Wie kamst du zum Korben?
Ich wohne seit Dezember 2009 in Schinznach. Als ich am Pfalzmärt Frieda Hartmann traf, war ich fasziniert von ihren Körben. Ich spürte, das Korberhandwerk wäre etwas für mich. Aber, die Zeit zum Lernen fehlte. Am Pfalzmärt 2014 meinte Frieda Hartmann, jetzt müsse ich mich dann aber entscheiden, ob ich wolle oder nicht. Von ihr könne ich das Korben nicht mehr ewig lernen. Mit neunzig Jahren wisse sie nicht, wie lange sie noch korbe.
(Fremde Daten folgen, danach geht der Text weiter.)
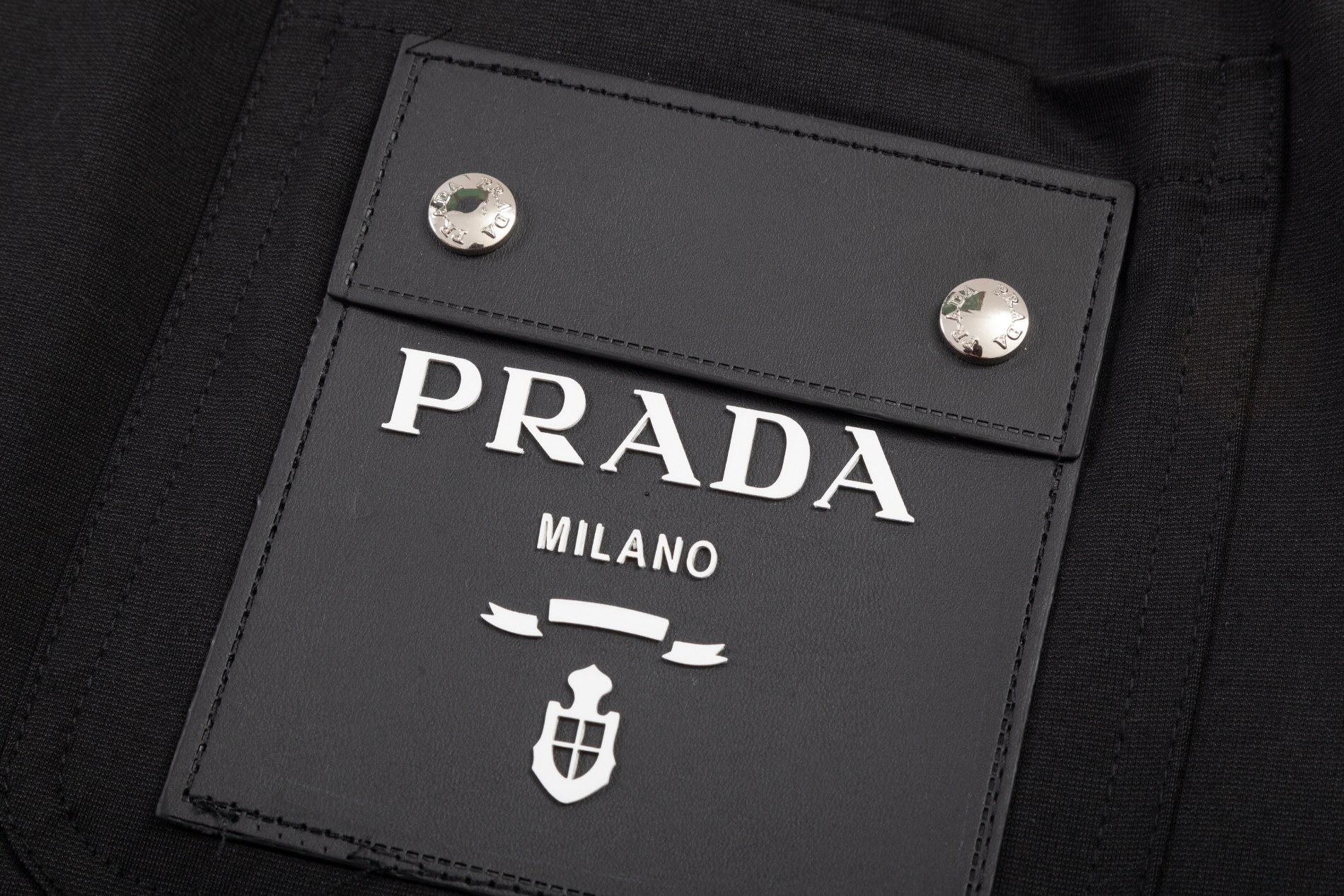 【PRADA  公式旗艦店】プラダ  ショートパンツ  ご好評に付き再入荷！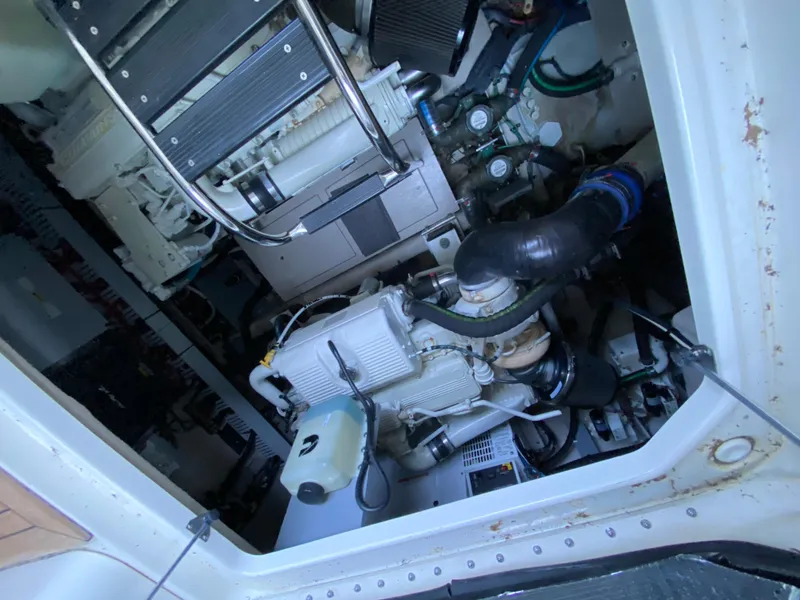 Slide: The Image of Sea Ray Sundancer 510 2015 - 77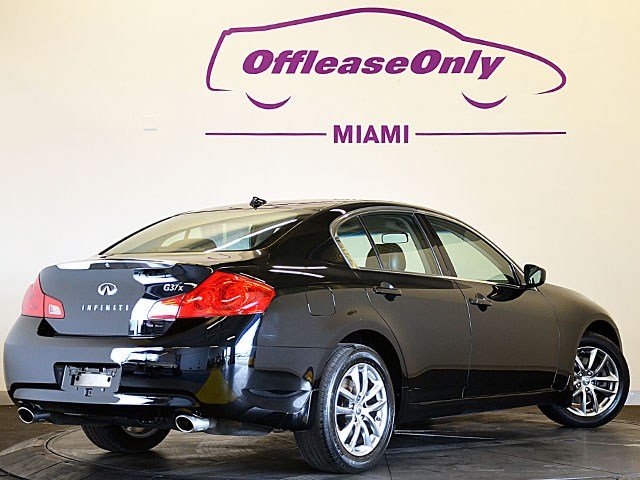 Infiniti G37x 2009 photo 3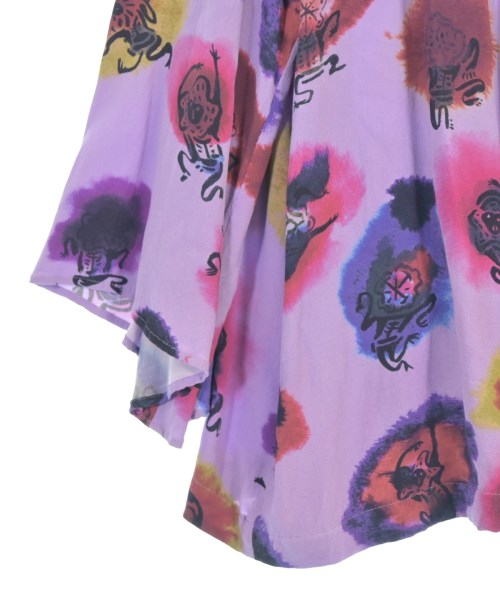 Sasquatchfabrix. เสื้อลำลอง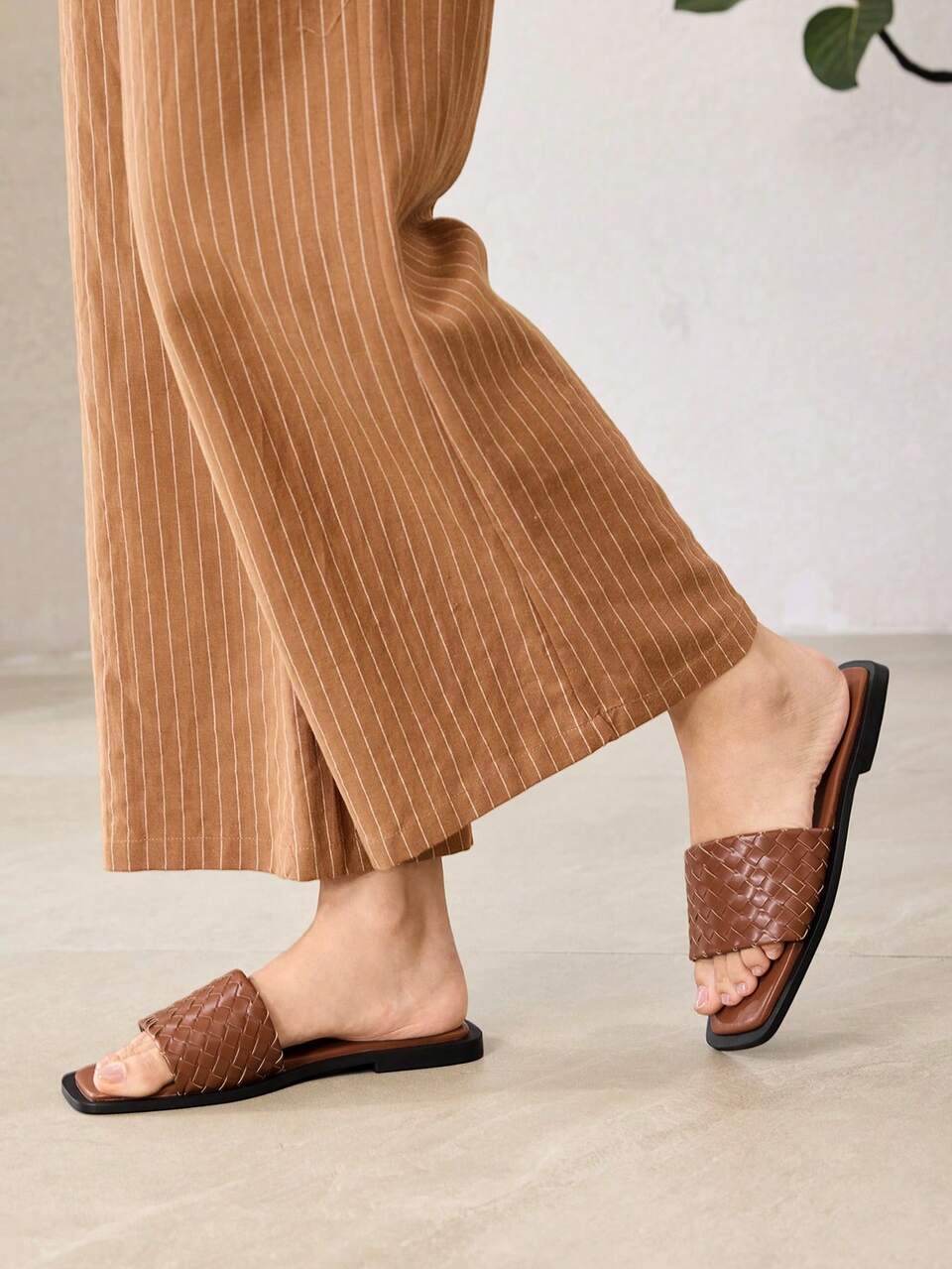 WOMEN SHOES EUROPE STATION'S NEW FASHIONABLE LIGHT BROWN PU LEATHER WOVEN DRAG SQUARE TOE OPEN-TOED FLAT-BOTTOMED SLIPPERS, CASUAL AND VERSATILE, SIMPLE AND ADVANCED SENSE, SLIP-ON IS NOT TIRED, COMFORTABLE TEMPERAMENT, BEACH SLIPPERS SUMMER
Als mir meine Freundin bald darauf zum Geburtstag Zeit schenkte, nahm ich die Chance wahr. Neun Monate ging ich jeden Mittwochnachmittag in die «Lehre». «Me mues draabliibe! Korben heisst üben, üben, üben», sagte Frieda jeweils. Die Stunden bei ihr zu Hause waren arbeitsam und ihre Ausführungen lehrreich. Wir haben uns gefunden, und wie viel haben wir zusammen gelacht. Hast du auch schon vom Korben geträumt? fragte Frieda. Mittlerweile ist es so, ich bin dem Korbervirus erlegen. Jetzt ist Frieda im Altersheim und ich mache mit ihrem Segen weiter. Froh darüber, eine engagierte Nachfolgerin gefunden zu haben, übergab sie mir sogar ihr Werkzeug, eine besondere Ehre. Im Dorf hat sich herumgesprochen, dass ich das Handwerk weiterführe, und es ist schön, dass Menschen auf mich zukommen, mir Weiden anbieten und Interesse an den Körben zeigen.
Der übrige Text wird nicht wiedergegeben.